3) Although Judge Kessler may have thrown out substantial portions of the feds’ case, the remedies she approved nonetheless impinge on values of free advocacy. Tobacco companies are to be ordered to admit in communications to consumers various supposed facts which they do not believe to be true, and which in fact may not be true (for example, that no particular formula for a cigarette’s ingredients is safer or more natural than any other) but which fit the desired anti-tobacco message. They are to be forbidden to utter a great many other statements which they believe to be true on the grounds that — well, basically on the grounds that the government disapproves of those statements and doesn’t want them aired as part of public debate.

4) It goes without saying that the advancement of erroneous or misleading arguments, the promotion of dubious science, etc. as part of an effort to sell one’s product line is not going to be deemed “racketeering” when certain other groups of professionals do it — say, politicians and lawyers.

On Bloomberg’s “Beneficence”

Walter beat me to the punch regarding the announcement that New York City Mayor Michael Bloomberg plans to donate contribute up to $125 million to anti-smoking efforts.

Why the strikethrough?

His effort will include cash for programs that help smokers quit and educate children to prevent them from starting; funds to push for smoking bans and higher tobacco taxes in other cities, states and countries; and money for a system to track global tobacco use and the effectiveness of anti-smoking efforts.

Excuse me, but that’s not “charitable giving.” That’s lobbying.

And I would hope that this portion of Bloomberg’s “benevolence” is therefore appropriately regulated, registered, disclosed, limited, taxed, McCain-Feingolded and generally treated the same way as anyone else’s attempt to buy a law under our current schizophrenic political funding system.

My previous thoughts on campaign finance reform here. A related thread on the abuse of tax exemption by politically active religious leaders and institutions here.

Bloomberg’s anti-smoking philanthropy

Gotham’s nurse-mayor has donated $125 million from his personal fortune “to track smoking across the globe and to push for the same kind of smoking bans and cigarette tax hikes that the mayor has implemented in New York since taking office in 2002”. New York Sun reporter Jill Gardiner quotes me in reaction (“Bloomberg Gives $125 Million Gift To Fight Smoking”, Aug. 16).

“Something which I would consider akin to child abuse”

For California state senator Deborah Ortiz, that would describe smoking in a car in which a child is present.

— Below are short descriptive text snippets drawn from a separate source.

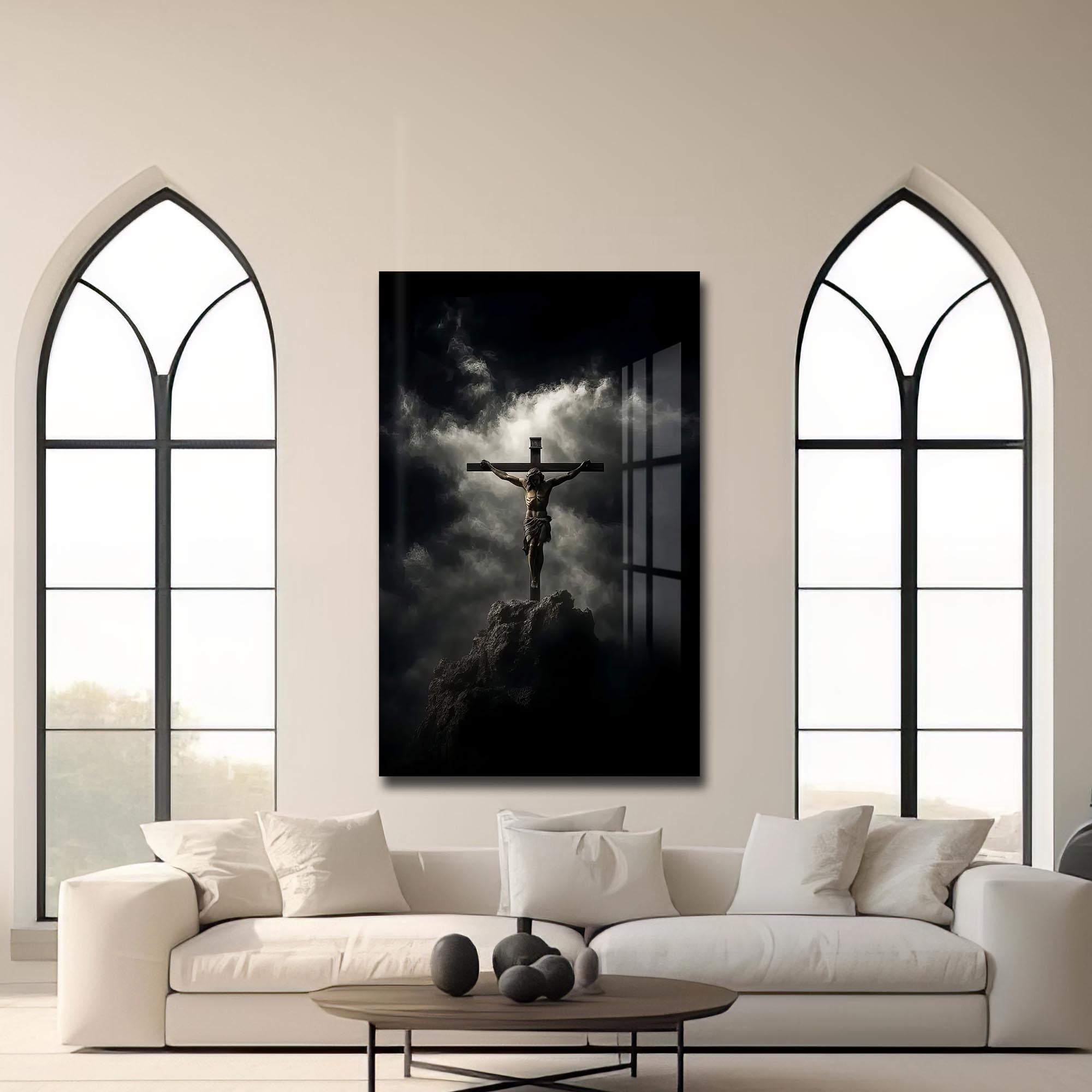 Artronauts Glass Print The Cross– Christian Tempered Glass Wall Art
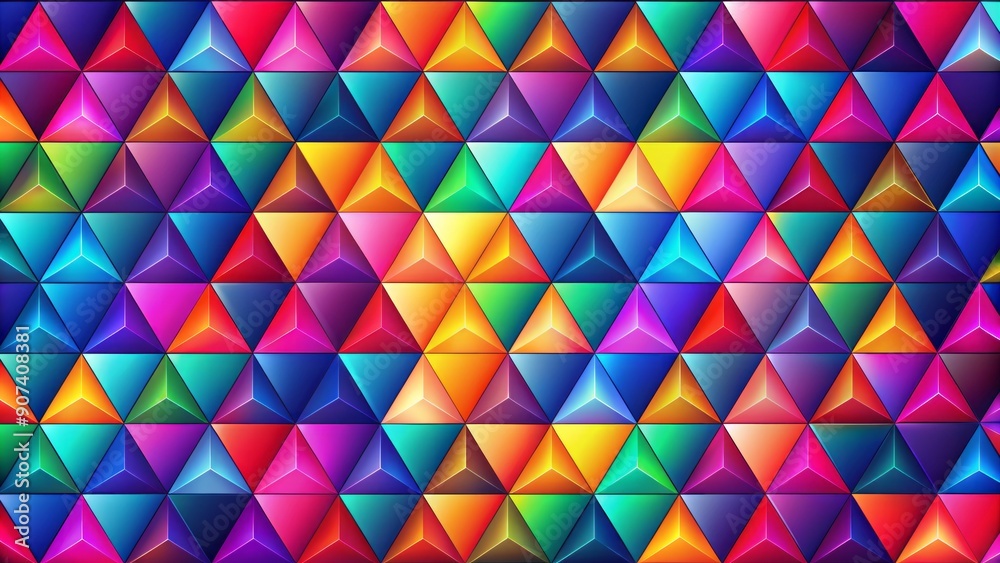 Vibrant triangle gradient pattern with mesmerizing abstract shapes and colors blending seamlessly on a sleek modern background texture.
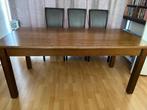 Eetkamertafel 180x90 cm – Gedeeltelijk massief grenen hout, Huis en Inrichting, Tafels | Eettafels, Ophalen, Gebruikt, Rustiek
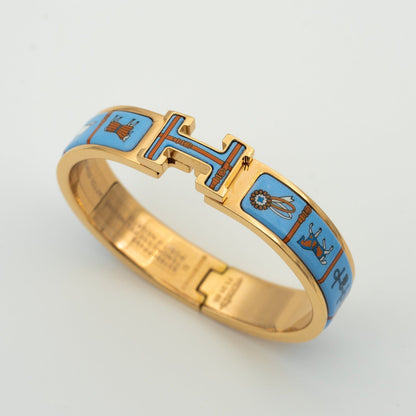 ¡®Glow Jewelry¡¯H PINK GOLD BRACELET BLUE CERAMIC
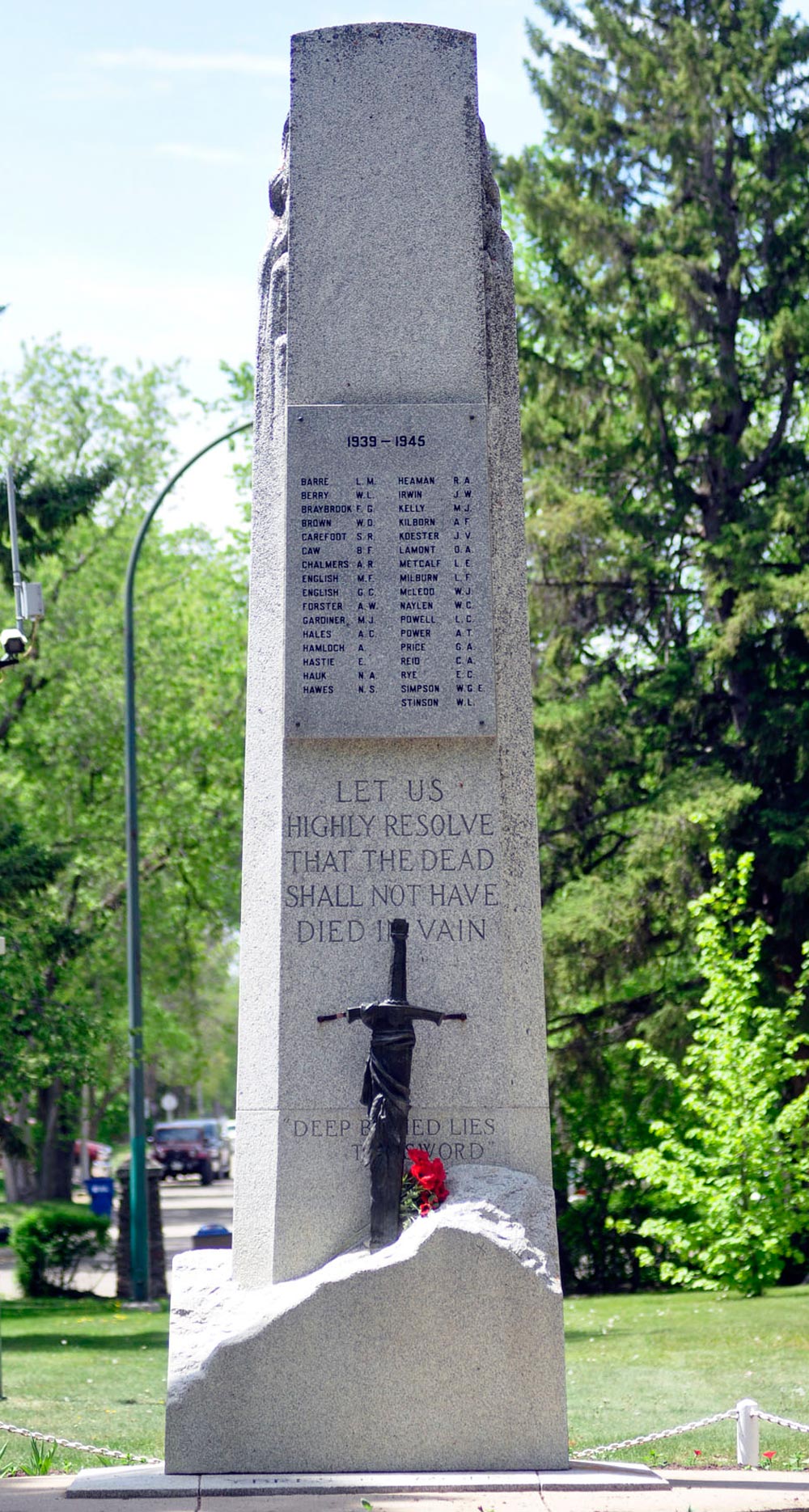Virden-cenotaph-front MCpl Brandon Liddy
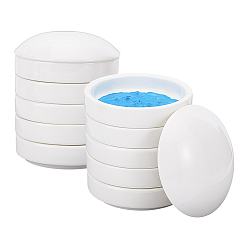 Белый Пятислойная керамическая чернильница, палитра для смешивания акварельных красок, белые, 83x95 мм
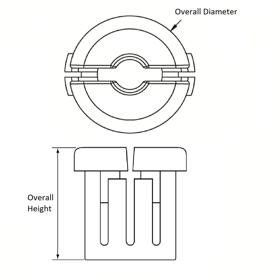 Snub Bushing - Line Drawing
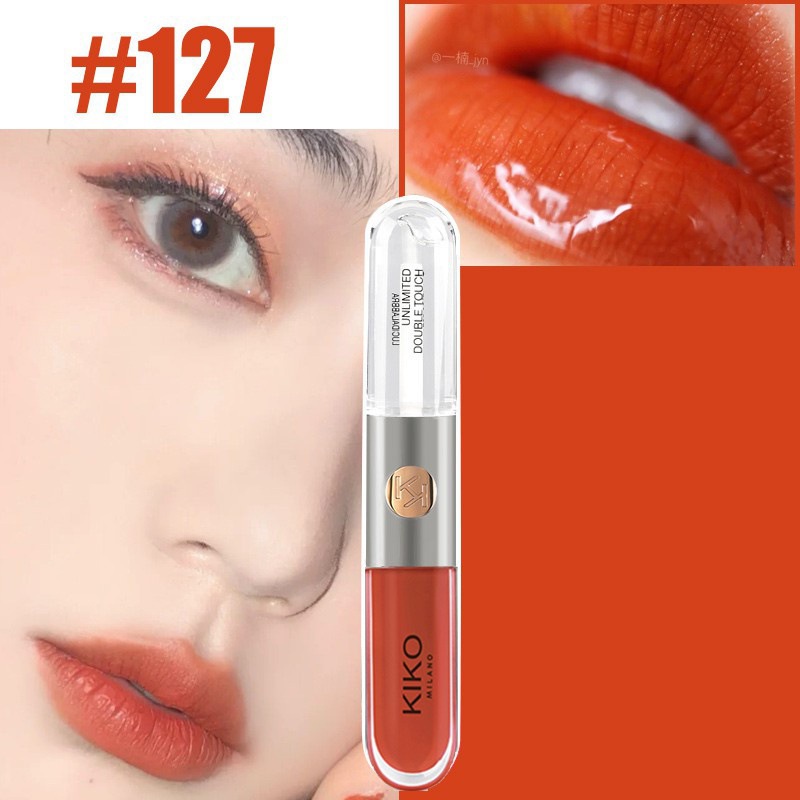 KIO esmalte labial 3D 21 lápiz labial doble cabeza 103 lápiz labial esmalte labial transfronterizo de alta calidad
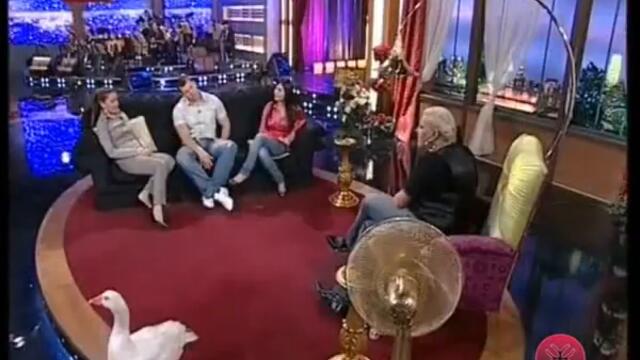 Лили и Боби от Биг брадър 3 в Шоуто на Азис Част 2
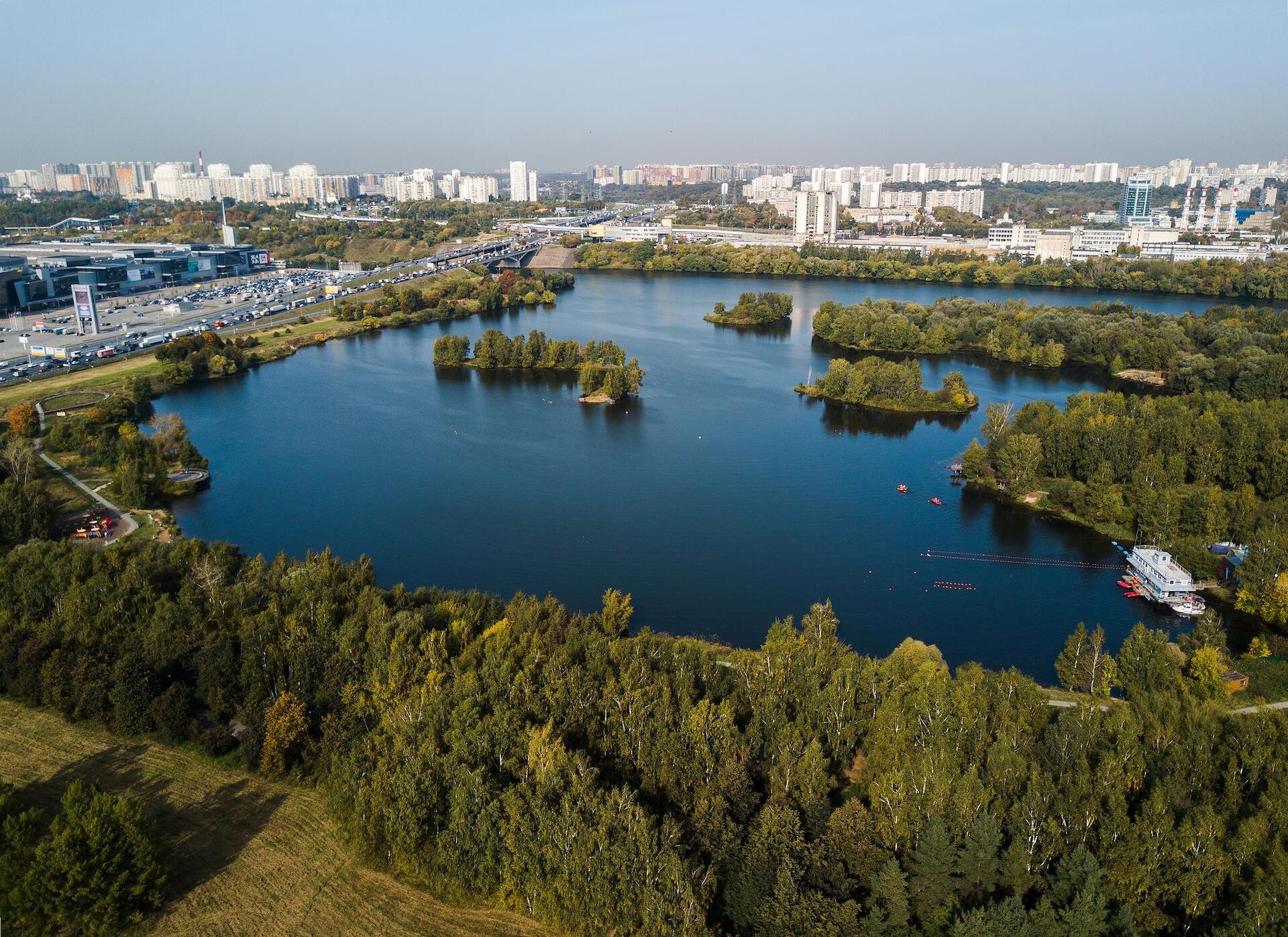 Москва река Строгино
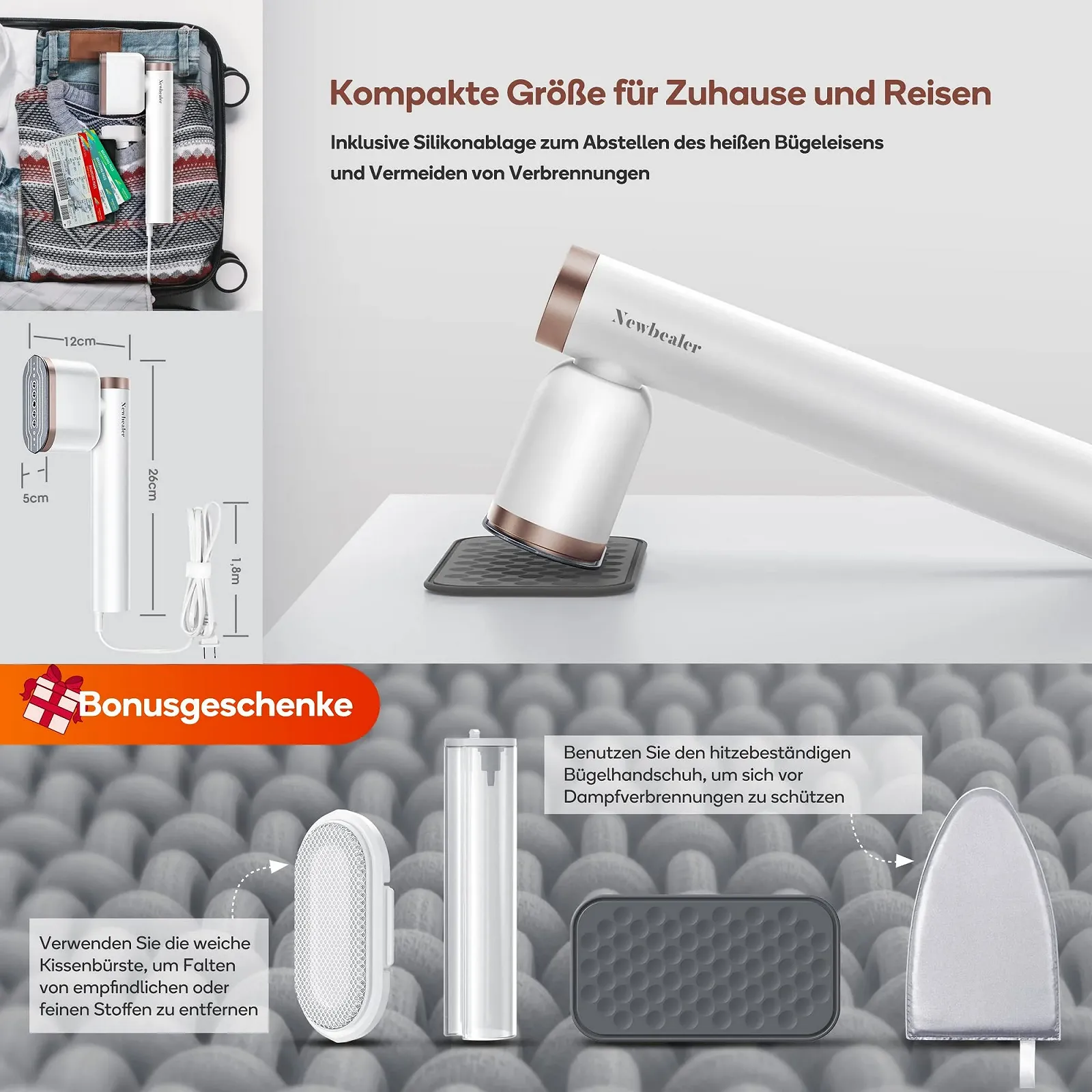 Отпариватель Newbealer 1200 Вт 120 мл, фото №7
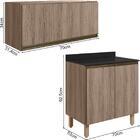 Armario Aereo E Balcao Mdf 70cm Kali Nicioli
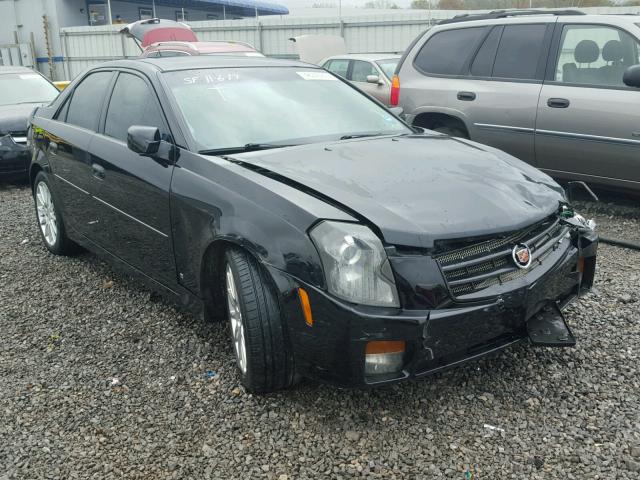 1G6DP577160205142 - 2006 CADILLAC CTS HI FEA BLACK photo 1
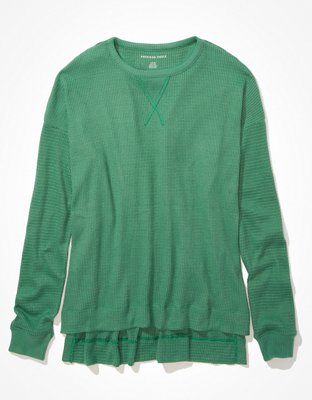 AE Oversized Long-Sleeve Plush T-Shirt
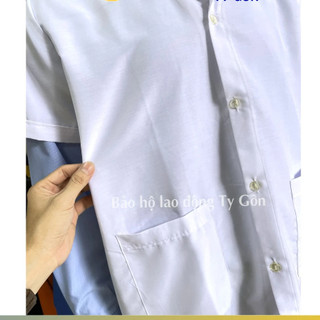 Áo blu trắng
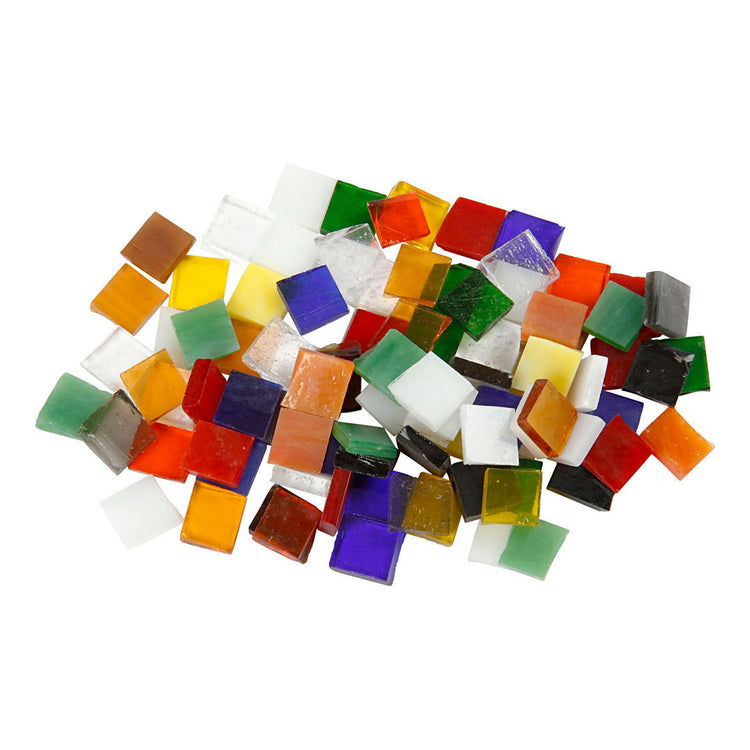 Carreaux de mosaïque en verre Creativ company, format 10x10 mm, épaisseur 3 mm, env. 700 pièces, 454 gr 1 boîte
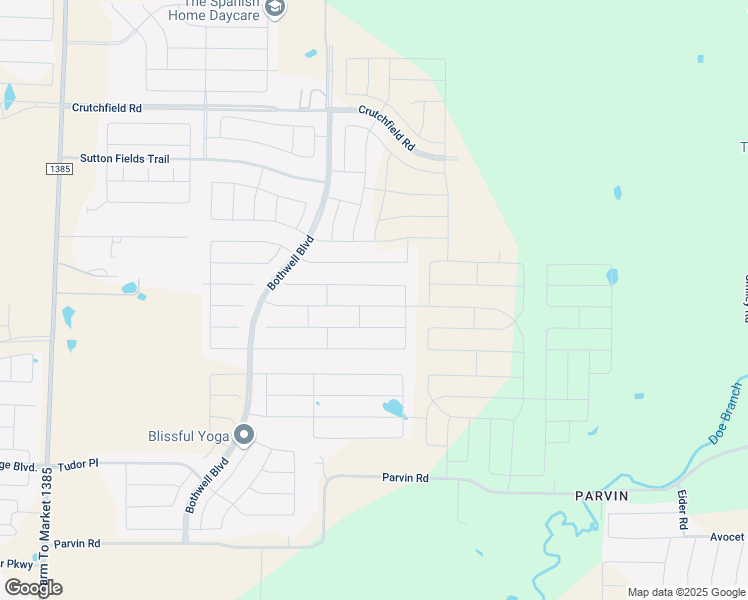 map of restaurants, bars, coffee shops, grocery stores, and more near 5900 Humber Lane in Aubrey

Writes Brooke Oberwetter at CEI Open Market (Jun. 29): “According to the Contra Costa Times, smokers can be fined under [a bill approved by the committee Ortiz chairs] even if the car is parked and on private property. Clearly California is just a cigarette’s flick away from suggesting banning smoking in private homes: If they can tell you what you can and cannot do in the driveway, is there really much left in terms of precedent to stop them from stepping gingerly up to the front porch and peering in the windows?” A similar bill has already passed the California assembly. (Edwin Garcia, “Bill targets smokers with children”, Contra Costa Times, Jun. 29; Michael Siegel, Jun. 29). Earlier coverage: May 1 and links from there. On the follies of GOP governor Mike Huckabee of Arkansas, who promoted a similar measure in that state, see The Agitator, Jun. 9.

Fla. high court nixes Engle

The Florida Supreme Court has backed an appeals court’s dismissal of the absurd $145 billion verdict against cigarette makers in the Engle case. The court’s opinion is split in complicated ways, but the defeat for attorney Stanley Rosenblatt is unmistakable. (Daniel Pimlott, “$145bn award against tobacco giants goes up in smoke”, Financial Times/MSNBC, Jul. 6). The opinion is here (PDF)(via Bashman). I’ve written extensively about the Engle case at earlier stages, including op-eds for the Wall Street Journal Jul. 12, 1999, Jul. 18, 2000 and May 23, 2003. Much more background here.